• [RECORDS PROVIDED]:
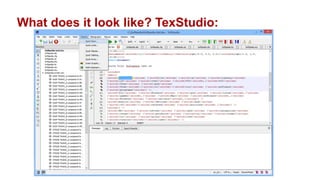 LaTeX as a set of macros built on top of TeX to make | PPTX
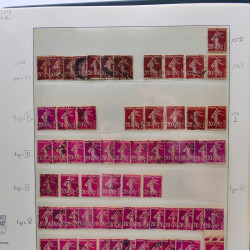 Collection timbres de France 1849-1940 neufs et oblitérés en album Lindner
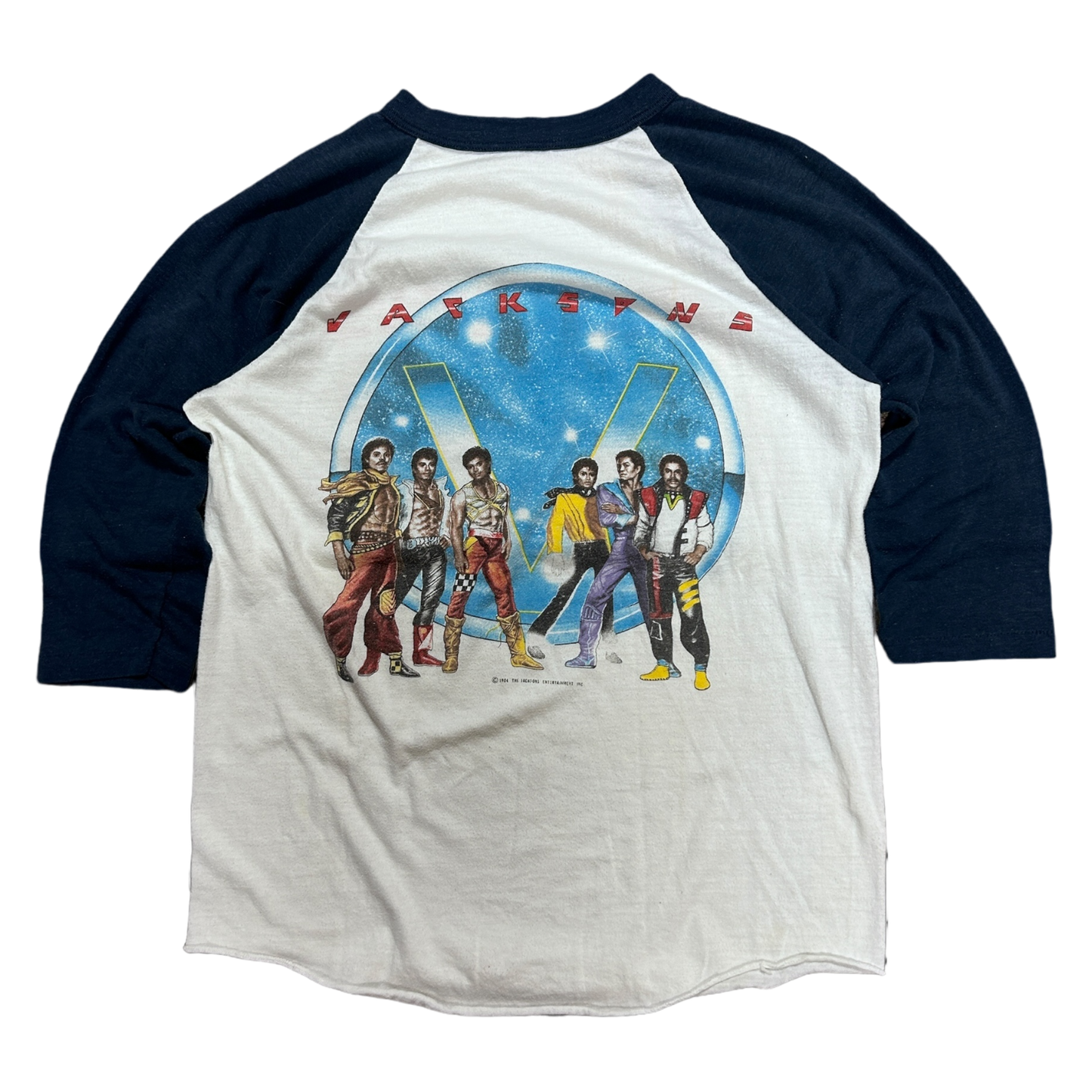 M 1984 Jackson 5 3/4 Sleeve Shirt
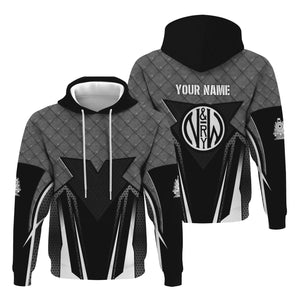 Railspirit Personalized Norfolk and Western Railway Hoodie Rugged Steel Vibes N&W Train Zip Up Hoodie All Over Print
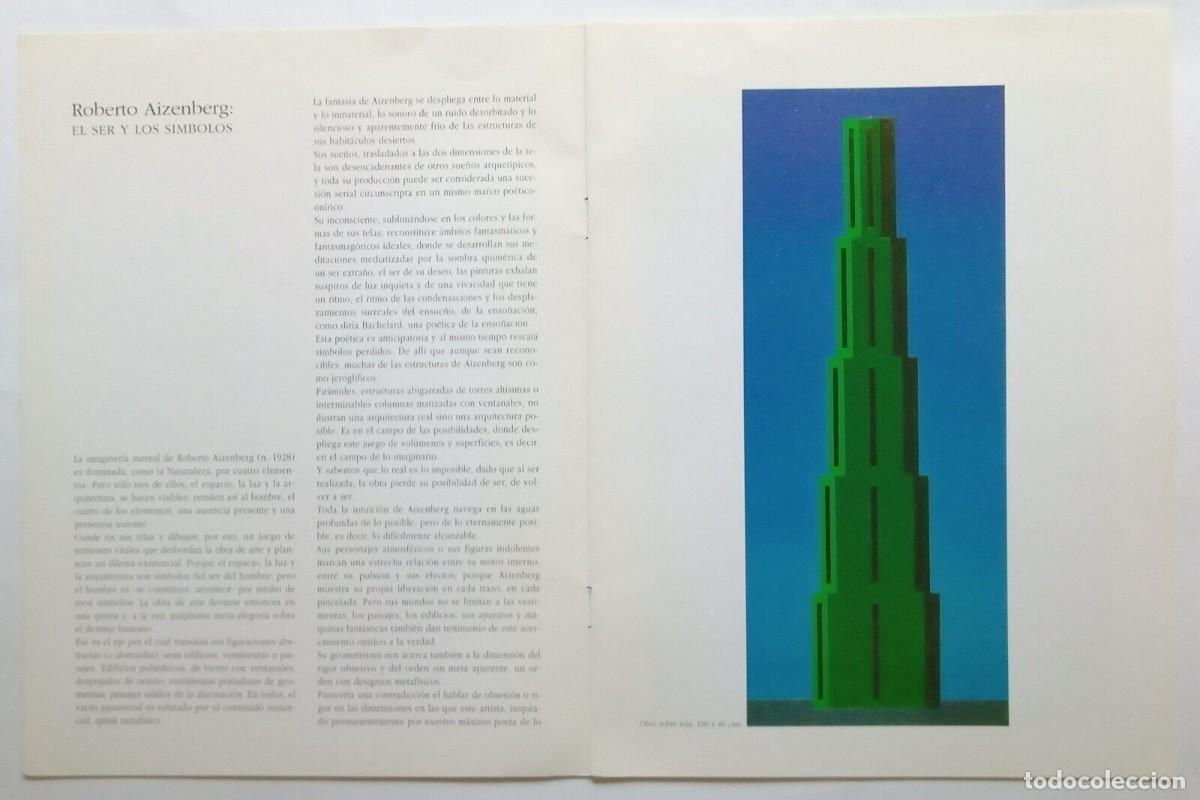 Libros de segunda mano: Roberto Aizenberg - Cat&aacute;logo de una exposici&oacute;n - Texto de Jorge Glusberg - 1995- - Foto 2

• [EXERCISE DETAILS]: With the pictures set aside, write out the whole listing exactly.

• [ANSWER SECTION]:
 LaTeX as a set of macros built on top of TeX to make | PPTX
 Collection timbres de France 1849-1940 neufs et oblitérés en album Lindner
 M 1984 Jackson 5 3/4 Sleeve Shirt
 Railspirit Personalized Norfolk and Western Railway Hoodie Rugged Steel Vibes N&W Train Zip Up Hoodie All Over Print
 Libros de segunda mano: Roberto Aizenberg - Cat&aacute;logo de una exposici&oacute;n - Texto de Jorge Glusberg - 1995- - Foto 2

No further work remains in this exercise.